Our Shocked Regard: The Act of Killing and the Indonesian Genocide

Why is Joshua Oppenheimer’s The Act of Killing (TAOK) such an unsettling film? Shooting Dogs and Hotel Rwanda reduce the Rwandan genocide to a series of personal tragedies played out in circumstances of unfathomable morality. Told from the point of view of the victims and those aiding them, these films invite a kind of shocked regard on the part of the viewer and channel one’s empathy to the victims of mass slaughter and other genocidal acts. Oppenheimer challenges these conventions in dealing with the little known Indonesian mass murders of the mid-1960s when in just a few months around 500,000 real, alleged and imagined communists were killed by the army and militia groups. Like Rwanda, these murders were largely carried out by knife, machete and other equally crude means of despatching human life. But rather than tell of this genocide from the perspective of victims, Oppenheimer focuses his film on a now elderly Anwar Congo who confesses to committing over 1000 murders. Oppenheimer gives Congo the means to recreate his atrocities in a variety of different Hollywood genres. One sits transfixed as Congo cheerfully demonstrates an assortment of methods of killing often preferred because they kept clothes and shoes from being soaked in blood.
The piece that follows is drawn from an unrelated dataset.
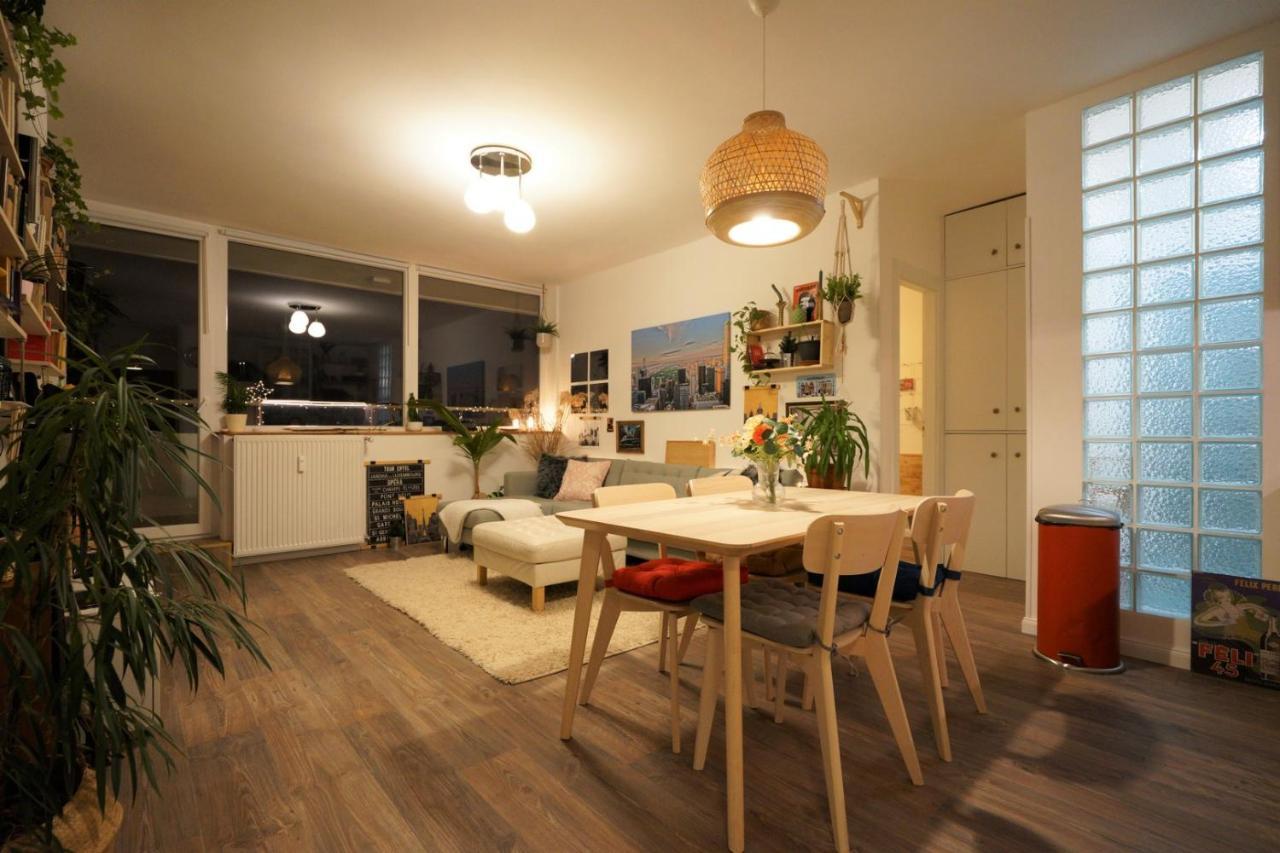Budapest Skyline Apartment Exterior photo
So, finally, Oppenheimer provides the missing account of mass killing as quotidian hard work. Of course it is impossible not to be troubled by the ease with which some of our fellow beings are able to kill and the framing of such killings as a matter of simple necessity, of winners and losers. However, irrespective of Oppenheimer’s self-confessed love of Indonesia, the film is framed in some familiar Orientalist tropes concerning supposed Indonesian barbarity. There is no effort to substantiate Congo’s extraordinary claims. No context is provided for the killings. There is no analysis of the deep social fissures and strongly competing visions of post-colonial modernity that fomented for decades before the killings. Oppenheimer’s ability to turn up a range of political actors as grotesque as they are alarming only serves to cement an idea that Indonesia is enigmatic, inscrutable, a place where the perpetrators of great crimes remain permanently beyond the reach of justice and are even feted for their supposed nation-saving efforts.
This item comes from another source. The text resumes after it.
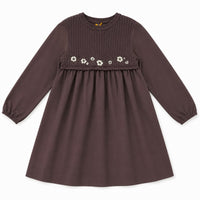 Knit Nylon Dress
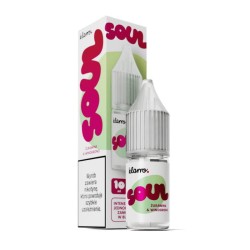 Liquid Klarro Soul 10ml 20mg Salt - Żurawina, Winogron | BigVapoteur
Despite the film arguing the impunity enjoyed by Anwar Congo and others demonstrates not just the failings of the Indonesian state but its criminal heritage it also very directly seeks to provide an experience of shock, dismay and revulsion. And, as the film unfurls in its highly distinctive way, one also begins to wrestle with one’s feelings about Congo himself. Congo still seems to revel in his notoriety yet, as his own death approaches, perhaps begins to grasp the enormity of his crimes. While one may not necessarily have a feeling of empathy for Congo, Oppenheimer attempts to close the distance between (innocent) viewer and (guilty) perpetrator. He also succeeds in bringing an awareness of the mass murders to a wider international audience and arguably the insistence on the audience bearing witness is important. But within Indonesia the massacres are not forgotten, despite some debate about how much is known by younger Indonesians, and it is the film’s implied claim that it is making space for Indonesians of all persuasions to confront this grisly past that tends to hubris. Teju Cole refers to this kind of film-making as evidence of a white saviour industrial complex in which the camera not only shines a light into the dark places of the west’s others but also salves liberal consciences. Cole goes on to say that the complex is not concerned with justice but about westerners having an intensely emotional experience. TAOK falls into this category: it is in parts hand over the mouth disturbing but Oppenheimer seems unable to resist the temptation to present the primary characters as bizarre, abstruse and this is gratuitous, undermining the film’s wider message. The viewer may feel outrage at the events of the mid-1960s but something is lost in the outrageous mis en scene.

The film though does succeed where those about the Rwandan genocide and even Roberto Benigni’s darkly comic Life is Beautiful fails and that is in making mass murderers ordinary and knowable. Watching Congo with his grandchildren or Congo’s co-worker in murder, Adi, with his family in a shopping mall returns them from the realms of monstrosity and potentially puts them in the adjacent seat on a bus or in the queue in front of you at the checkout. As Michel Foucault suggested, massacres may have become vital but they are also the dull, grey work of undistinguished people. And while TAOK reminds us of that, because the film’s primary characters are turned into outlandish parodies, it reinstates a critical distance between the killers depicted in this film and viewers. TAOK succeeds and fails in equal measures but it is a unique and unusually disturbing film.